OpenBSD Journal

Patch 001 for OpenBSD 3.7

Contributed by grey on from the getting back to a slow start dept.

Thanks to Ryan Patterson for writing in with the following:

I noticed this during my morning romp...

"001: SECURITY FIX: June 7, 2005 All architectures
Fix a buffer overflow, memory leaks, and NULL pointer dereference in cvs(1) . None of these issues are known to be exploitable. CAN-2005-0753 ." A source code patch exists which remedies this problem.

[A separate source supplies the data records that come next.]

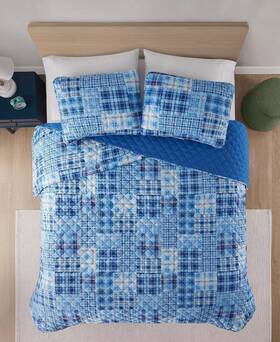 Home 022164252262 Wyatt Patchwork Reversible 2-pc. Twin Quilt Mini Set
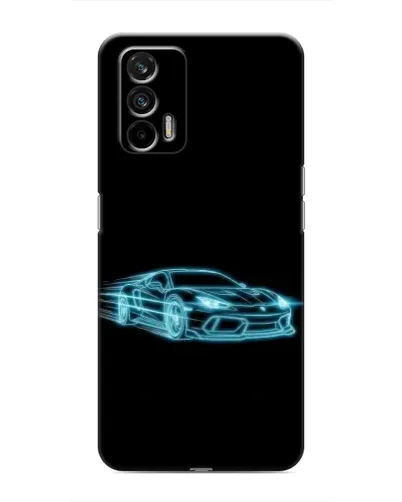 Чехол для Realme 7 Pro с картинкой «Неоновый контур Lamborghini»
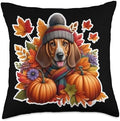 Autumn Fall Plott Hound Dog Owner Thanksgiving Mom Dad Cozy Throw Pillow by Unknown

Be sure to check http://www.openbsd.org/errata.html as always.

(Comments are closed)


Comments
  1. By Anonymous Coward (134.58.253.131) on

    hehe, a bug in gnu cvs...

    Soon we won't need to bother with that anymore... can't wait for opencvs :-)

    Comments
    1. By almeida (66.31.180.15) on

      Any idea how much more development OpenCVS needs before it replaces the existing CVS?

      Comments
      1. By miguel (193.147.239.254) on

        Not sure about the time, but by the moment, there is no code available :P

        Comments
        1. By Matthias Kilian (84.134.5.239) on

          It's in CVS (/usr/src/usr.bin/cvs), but I don't know how usable it is yet.

          Comments
          1. By joris@ (213.224.72.181) on

            the client side is pretty usable, although there might still
            be some bugs left, some commands are not supported yet.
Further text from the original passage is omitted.